Data extracted from a collection
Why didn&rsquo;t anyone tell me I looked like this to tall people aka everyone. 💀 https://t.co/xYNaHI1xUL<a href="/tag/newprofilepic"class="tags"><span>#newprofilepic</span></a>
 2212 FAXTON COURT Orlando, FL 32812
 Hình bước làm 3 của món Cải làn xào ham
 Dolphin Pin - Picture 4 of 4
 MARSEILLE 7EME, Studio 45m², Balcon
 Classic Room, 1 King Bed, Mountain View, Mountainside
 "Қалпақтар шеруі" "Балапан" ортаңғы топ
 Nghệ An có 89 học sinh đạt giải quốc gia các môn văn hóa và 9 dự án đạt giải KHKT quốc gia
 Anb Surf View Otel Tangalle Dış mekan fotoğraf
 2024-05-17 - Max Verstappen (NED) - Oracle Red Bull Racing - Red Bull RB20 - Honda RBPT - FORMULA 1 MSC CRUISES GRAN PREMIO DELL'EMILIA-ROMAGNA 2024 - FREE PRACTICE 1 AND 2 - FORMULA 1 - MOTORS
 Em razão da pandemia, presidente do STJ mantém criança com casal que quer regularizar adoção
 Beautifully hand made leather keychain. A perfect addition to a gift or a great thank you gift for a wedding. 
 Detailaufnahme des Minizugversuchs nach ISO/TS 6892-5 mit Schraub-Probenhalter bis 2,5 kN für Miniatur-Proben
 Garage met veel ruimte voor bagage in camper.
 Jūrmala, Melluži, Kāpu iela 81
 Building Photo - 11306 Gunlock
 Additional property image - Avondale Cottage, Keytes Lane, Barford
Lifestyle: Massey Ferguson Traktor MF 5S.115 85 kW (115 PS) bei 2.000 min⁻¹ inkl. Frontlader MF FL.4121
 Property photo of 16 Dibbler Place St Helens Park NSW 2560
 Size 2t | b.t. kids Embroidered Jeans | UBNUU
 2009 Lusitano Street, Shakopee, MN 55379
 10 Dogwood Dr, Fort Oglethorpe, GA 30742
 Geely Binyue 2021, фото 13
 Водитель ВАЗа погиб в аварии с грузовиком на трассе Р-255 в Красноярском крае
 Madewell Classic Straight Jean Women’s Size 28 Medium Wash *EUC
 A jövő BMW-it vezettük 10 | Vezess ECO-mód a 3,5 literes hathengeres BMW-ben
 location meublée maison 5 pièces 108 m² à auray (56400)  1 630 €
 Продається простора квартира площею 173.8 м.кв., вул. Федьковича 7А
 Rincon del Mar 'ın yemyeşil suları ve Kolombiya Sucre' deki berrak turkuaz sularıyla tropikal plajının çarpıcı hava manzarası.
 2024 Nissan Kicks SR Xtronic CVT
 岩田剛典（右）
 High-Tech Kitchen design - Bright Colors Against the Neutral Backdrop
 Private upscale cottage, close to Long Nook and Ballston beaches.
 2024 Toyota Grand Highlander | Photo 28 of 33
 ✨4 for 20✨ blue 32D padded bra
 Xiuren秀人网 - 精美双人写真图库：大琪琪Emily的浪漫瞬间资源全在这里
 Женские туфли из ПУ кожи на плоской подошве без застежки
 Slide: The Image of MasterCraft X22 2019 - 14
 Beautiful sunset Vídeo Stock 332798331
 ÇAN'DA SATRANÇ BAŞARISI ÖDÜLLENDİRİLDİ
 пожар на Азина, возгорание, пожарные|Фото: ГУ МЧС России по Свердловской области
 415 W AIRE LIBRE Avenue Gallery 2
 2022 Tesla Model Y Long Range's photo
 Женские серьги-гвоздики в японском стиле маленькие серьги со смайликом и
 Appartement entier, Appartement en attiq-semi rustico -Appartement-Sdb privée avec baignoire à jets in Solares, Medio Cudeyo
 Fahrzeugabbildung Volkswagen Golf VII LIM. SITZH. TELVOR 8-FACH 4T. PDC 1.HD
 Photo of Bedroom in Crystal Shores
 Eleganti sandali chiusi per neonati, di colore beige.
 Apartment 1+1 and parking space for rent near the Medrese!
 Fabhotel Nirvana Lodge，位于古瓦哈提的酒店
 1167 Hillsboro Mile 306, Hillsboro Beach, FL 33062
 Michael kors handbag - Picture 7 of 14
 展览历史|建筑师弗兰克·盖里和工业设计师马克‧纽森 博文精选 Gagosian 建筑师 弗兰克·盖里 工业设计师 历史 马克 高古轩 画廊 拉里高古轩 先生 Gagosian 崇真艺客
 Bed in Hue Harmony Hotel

YOUR ASSIGNMENT: Show every line of the data in which the word "View" appears.

TASK OUTPUT:
 Classic Room, 1 King Bed, Mountain View, Mountainside
 Anb Surf View Otel Tangalle Dış mekan fotoğraf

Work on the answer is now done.